DATA IN THIS EXERCISE
● ● ● ●

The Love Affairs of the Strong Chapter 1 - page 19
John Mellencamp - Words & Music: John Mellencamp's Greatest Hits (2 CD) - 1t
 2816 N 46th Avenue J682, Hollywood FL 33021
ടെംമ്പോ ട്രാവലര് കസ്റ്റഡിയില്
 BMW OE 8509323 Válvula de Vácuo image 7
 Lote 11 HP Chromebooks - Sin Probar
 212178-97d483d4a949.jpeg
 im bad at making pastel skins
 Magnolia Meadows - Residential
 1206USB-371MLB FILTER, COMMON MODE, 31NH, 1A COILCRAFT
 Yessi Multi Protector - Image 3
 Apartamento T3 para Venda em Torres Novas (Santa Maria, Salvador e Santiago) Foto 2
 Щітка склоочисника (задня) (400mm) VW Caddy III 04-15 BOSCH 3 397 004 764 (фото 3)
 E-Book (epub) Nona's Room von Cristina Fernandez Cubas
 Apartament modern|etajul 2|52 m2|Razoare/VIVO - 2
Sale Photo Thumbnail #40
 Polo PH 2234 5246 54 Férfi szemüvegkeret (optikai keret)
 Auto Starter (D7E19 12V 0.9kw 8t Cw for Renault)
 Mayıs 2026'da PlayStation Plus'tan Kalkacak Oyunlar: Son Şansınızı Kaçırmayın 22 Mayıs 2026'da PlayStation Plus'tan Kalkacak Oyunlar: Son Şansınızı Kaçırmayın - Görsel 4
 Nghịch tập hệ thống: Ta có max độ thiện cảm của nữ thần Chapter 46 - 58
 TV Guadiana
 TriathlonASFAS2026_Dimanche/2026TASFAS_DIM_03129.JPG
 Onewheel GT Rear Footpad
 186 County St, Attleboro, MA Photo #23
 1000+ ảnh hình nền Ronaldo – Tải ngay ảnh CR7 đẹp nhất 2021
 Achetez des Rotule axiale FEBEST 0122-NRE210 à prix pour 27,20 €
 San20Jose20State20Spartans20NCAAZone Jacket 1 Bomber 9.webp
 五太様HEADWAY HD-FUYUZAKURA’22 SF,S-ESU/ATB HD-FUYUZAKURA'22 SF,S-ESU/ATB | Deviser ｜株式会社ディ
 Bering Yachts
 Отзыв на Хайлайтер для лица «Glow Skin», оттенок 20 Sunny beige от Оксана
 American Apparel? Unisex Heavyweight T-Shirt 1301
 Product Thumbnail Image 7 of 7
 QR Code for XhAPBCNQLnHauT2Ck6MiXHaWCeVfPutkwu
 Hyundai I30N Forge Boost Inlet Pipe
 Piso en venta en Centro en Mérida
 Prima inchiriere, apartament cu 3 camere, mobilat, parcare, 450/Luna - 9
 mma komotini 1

● ● ● ●

WORK TO BE COMPLETED
Copy every line of the records above that holds the word "Chapter".

TASK ANSWER
The Love Affairs of the Strong Chapter 1 - page 19
 Nghịch tập hệ thống: Ta có max độ thiện cảm của nữ thần Chapter 46 - 58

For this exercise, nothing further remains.